WHAT YOU SHOULD DO
The records below must be reproduced exactly. Strip out the pictures.

Items listed in a dataset:
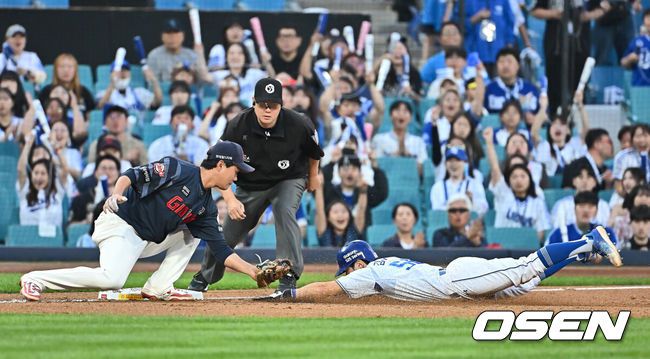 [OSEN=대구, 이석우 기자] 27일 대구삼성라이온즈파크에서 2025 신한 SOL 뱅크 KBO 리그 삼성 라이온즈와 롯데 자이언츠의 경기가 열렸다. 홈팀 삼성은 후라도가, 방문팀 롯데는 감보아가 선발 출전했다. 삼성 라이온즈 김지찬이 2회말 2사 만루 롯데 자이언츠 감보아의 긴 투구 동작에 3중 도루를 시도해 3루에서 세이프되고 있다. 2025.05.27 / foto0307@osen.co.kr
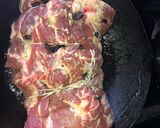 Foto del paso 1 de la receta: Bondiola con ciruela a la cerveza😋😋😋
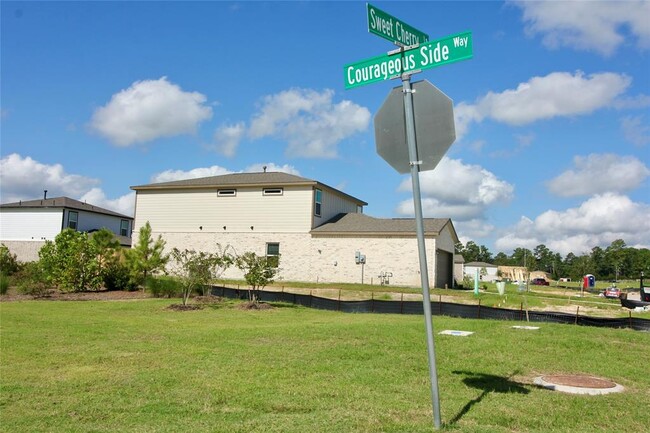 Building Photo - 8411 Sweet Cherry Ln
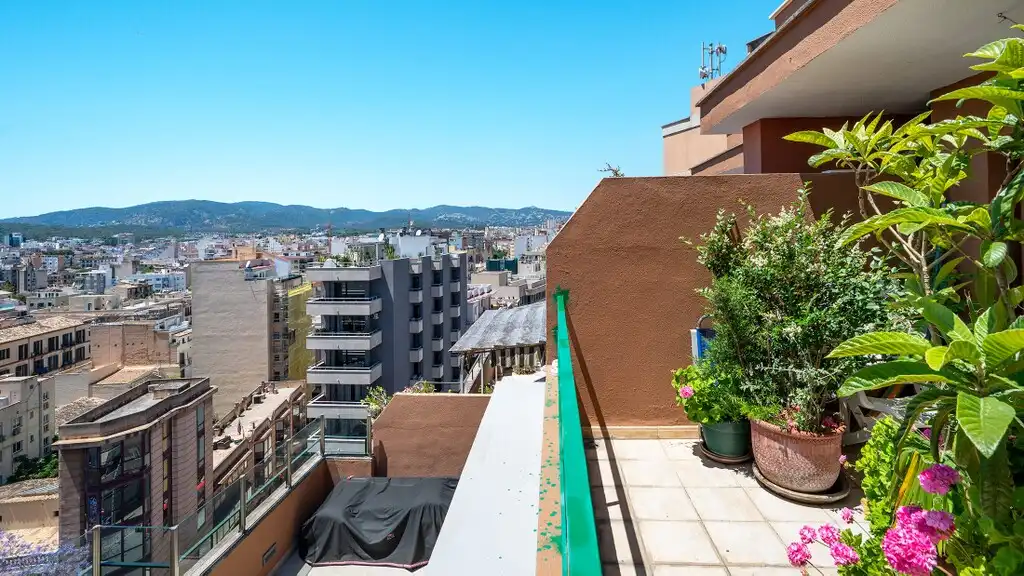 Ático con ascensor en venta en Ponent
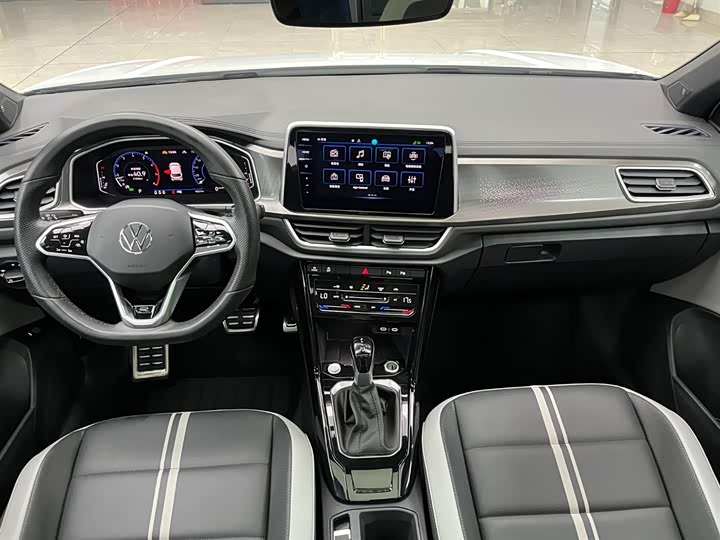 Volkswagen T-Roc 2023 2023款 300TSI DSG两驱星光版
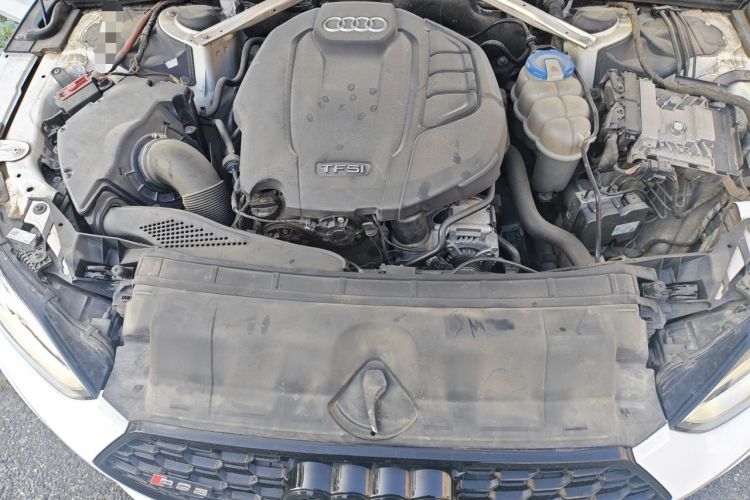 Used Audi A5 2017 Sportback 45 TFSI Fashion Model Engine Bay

RESPONSE TO THIS EXERCISE
 [OSEN=대구, 이석우 기자] 27일 대구삼성라이온즈파크에서 2025 신한 SOL 뱅크 KBO 리그 삼성 라이온즈와 롯데 자이언츠의 경기가 열렸다. 홈팀 삼성은 후라도가, 방문팀 롯데는 감보아가 선발 출전했다. 삼성 라이온즈 김지찬이 2회말 2사 만루 롯데 자이언츠 감보아의 긴 투구 동작에 3중 도루를 시도해 3루에서 세이프되고 있다. 2025.05.27 / foto0307@osen.co.kr
 Foto del paso 1 de la receta: Bondiola con ciruela a la cerveza😋😋😋
 Building Photo - 8411 Sweet Cherry Ln
 Ático con ascensor en venta en Ponent
 Volkswagen T-Roc 2023 2023款 300TSI DSG两驱星光版
 Used Audi A5 2017 Sportback 45 TFSI Fashion Model Engine Bay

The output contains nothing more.